The problem with Obama's plan is that it does not address the core problems in our economy. We do not have high unemployment because Social Security taxes are two points higher than they need to be, because we lack an employment tax credit, or because government spending is too low. We have high unemployment because there is a high level of uncertainty coming from the government. Congress cannot agree on what course to take until the last moment, and those last-minute decisions have rarely been good for the nation. For example, when Congress could not come to an agreement on whether to extend the Bush tax cuts, Americans waited until December 7 before they knew how much would be withheld in the following year.
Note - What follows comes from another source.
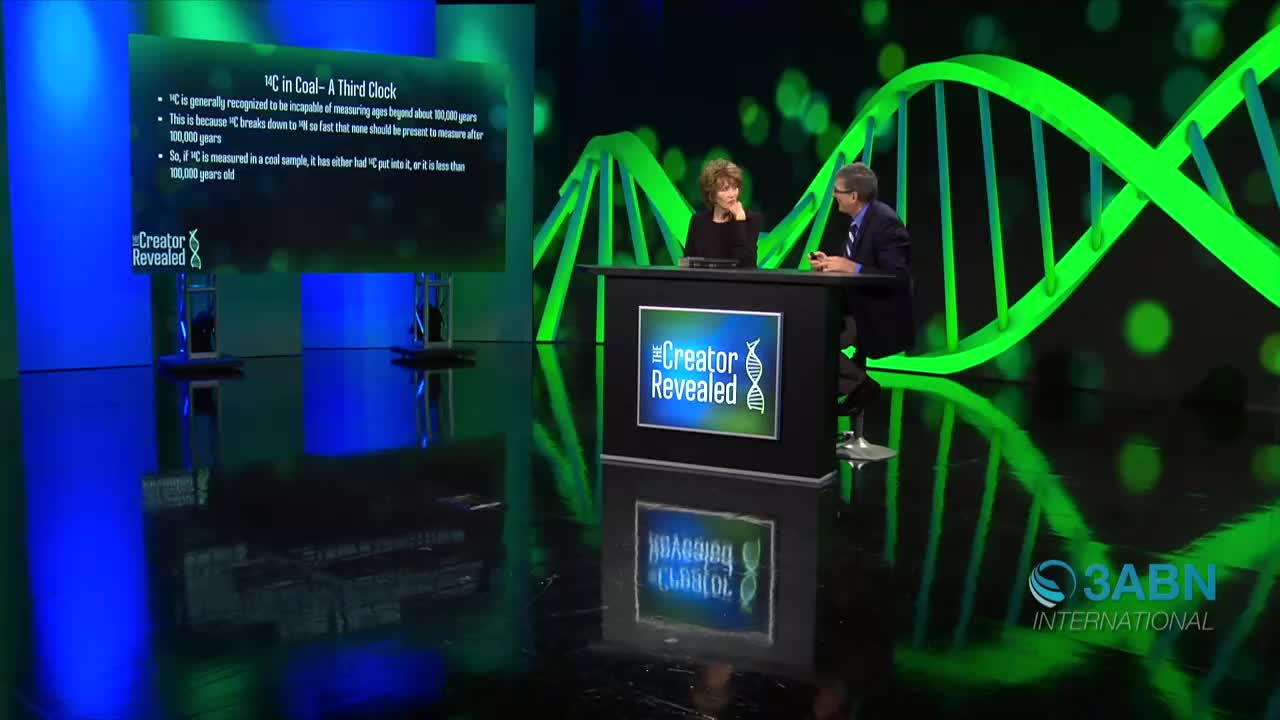 Two people sit at a desk, engaged in a discussion on a set for *The Creator Revealed* on 3ABN International. Behind them, a large screen displays text about carbon dating, with a DNA-like structure as a backdrop.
Just as last-minute cramming rarely works for a college exam, last minute deal-making by Congress has not worked for the American economy.
Instead of offering tax credits and spending, we need to improve government involvement in American labor. Instead of uncertainity and last-minute deals in Congress, we need permanent solutions that employers can rely on when making decisions. A three-step approach would help solve our unemployment problems:
1) Decrease regulation. Regulation currently costs the American economy $1.75 trillion. If companies could cut the costs of regulatory compliance in half, they would have plenty of money to hire new employees. The money that would be saved would be larger than any stimulus plan the President could get through Congress. And the good news for the President is this: he can do it all on his own; no Congressional approval required.
2) Reduce corporate income taxes and eliminate loopholes. Corporations have become very good at dodging income taxes through loopholes. Replacing the current structure with a corporate flat tax will greatly assist corporations in planning for their futures. Eliminating loopholes will ensure that all corporations pay a "fair share" and cover for the loss of revenue from the flat tax.
3) Eliminate Obamacare. Companies still do not understand what impact this law will have on their finances. Many employers are currently considering or planning to eliminate health care when the mandate takes effect in 2014. They are choosing to do this because they would rather face the surety of the fine than the unsure prices in the healthcare market. As employers prepare to face rising prices or the fines, they are certainly not going to hire more than necessary and incur extra costs.
Employers are looking at the big picture, not the immediate one. Employers are not going to hire new employees because of a one-year reduction in payroll taxes or a tax credit. Employers may hire some new workers because of federal spending, but those jobs will only last until the money runs out. It is time to put together a plan of economic certainties that will help employers see a stable picture, and then they will consider hiring new employees.